Беспомощно пожимаю плечами.
– Оговорка по…?
– Фрейду! – выпаливаю. – При чем здесь кровельщик?
– А выражение «крыша поехала»? «Крыша протекает, крышу снесло»? Кто чинит крыши? Кровельщик! Диглоссия, никуда не деться. У Александры потрясающий лингвистический нюх, совершенно необходимая в нашем деле, от тебя унаследованная усидчивость.
– Но?
– И при этом, во время личного общения, она выражается как тинэйджер-бахвал.
– Но? Я ведь вижу по твоим бегающим глазкам, что есть еще одно «но».
– Будет обидно, если свою энергию Александра пустит на менторски-прокурорское выискивание редакторских ошибок. Ты прекрасно знаешь, что массовые ошибки речи со временем становятся нормой, закрепляются словарями. Так говорит народ, а народ, как мать, всегда прав.
– Не соглашусь. Мать часто вредит ребенку, а народ выбирает в лидеры тиранов.
– Андрей разделяет интересы Саши? – сменил тему Женя.
– Не знаю.
– Он гуманитарий?
– Не ведаю.
– А что ты про него ведаешь?
– Он передовик машинного доения.
– Чего-чего? – поразился Женя.
– Ты сам виноват: спросил про зятька, теперь меня понесет. Останови, когда надоест. Возможно, Андрей обладает недюжинными интеллектуальными способностями, пока спящими, не отвергаю такого варианта. То, что я отмечаю при наших редких общениях, – это набор знаний в модных молодежных, массовых тенденциях в культуре, в том, что называют мейнстримом. Иными словами, его образовательный багаж представляет его как типичного бонвивана.
– Говоря о зяте, ты достаточно критична.
– Уже останавливаться?
– Нет, продолжай, мне интересно.
– Он знает по именам всех звезд Голливуда и фильмы с их участием, но не раньше восьмидесятых годов. Одри Хепберн, фильм «Римские каникулы» ему неизвестны. Русская кинематографическая культура на нуле. Про «Летят журавли», «Баллада о солдате» и даже про «Холодное лето пятьдесят третьего» слыхом не слыхивал. Конечно, полный набор сведений о музыке: хард-рок, металлика, хай-тэк…
– Маруся, хай-тэк – это не музыка, а дизайн квартир.
– Хорошо, хорошо, – торопилась я. – Все понимаю, готова заткнуться, только еще одно слово о литературе. Он утверждает, что прочел «Улисс» Джеймса Джойса. Представляешь? Я знаю уйму лингвистов, но, кроме тебя, есть еще только два человека, которые освоили эту заумь. Не мог бы ты при случае заговорить с Андреем о Джойсе? Проэкзаменовать, так сказать?
– Конечно, мог бы, – глубоко вздохнул мой любимый мужчина. – Только надо ли?
– Не надо! – Придушив злорадство, согласилась я. – У тебя поблизости имеется магазин, где продают галстуки? Мне нужно купить парочку для зятя.

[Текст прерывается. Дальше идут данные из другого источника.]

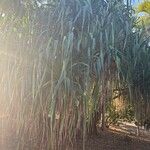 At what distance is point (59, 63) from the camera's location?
17.2 feet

– Я тебя очень люблю! – рассмеялся Женя.
Моим козням против Андрея предшествовала активная мыслительная работа. В мировой художественной литературе описано много способов влюбить в себя девушку. Из самых популярных – совершить на ее глазах подвиг, желательно спасти саму девушку: вырвать из лап Змея Горыныча, Кощея Бессмертного или Бабы Яги, можно девушку вынести из горящего дома, вытащить из ледяной проруби, остановить ее взбунтовавшуюся лошадь, раскидать по сторонам обидчиков-насильников, на худой конец заморочить девушке голову революционными идеями, готовностью к самопожертвованию. Эффектно также давление на жалость – «она его за муки полюбила». Случаи обратного развития, когда страстно влюбленная девушка с вечера на утро разочаровывается в объекте воздыханий, крайне скудны. Оно и понятно: чтобы раскусить человека, требуется пуд соли с ним съесть, а это процесс длительный. Тот же пуд соли принятый единовременно – гадость неперевариваемая. И добрые писатели не издевались над своими героинями, пичкая их килограммами отравы. Логично предположить, что если подвиг влюбляет, то антиподвиг отвращает. Словом, человек должен совершить перед лицом девушки подлость, чтобы у нее открылись глаза. Перед лицом – это принципиально важно. Потому что рассказам о его неблаговидных поступках она не поверит. А любые отрицательные характеристики и суждения будут иметь противоположный эффект. Это я хорошо знаю на собственном опыте.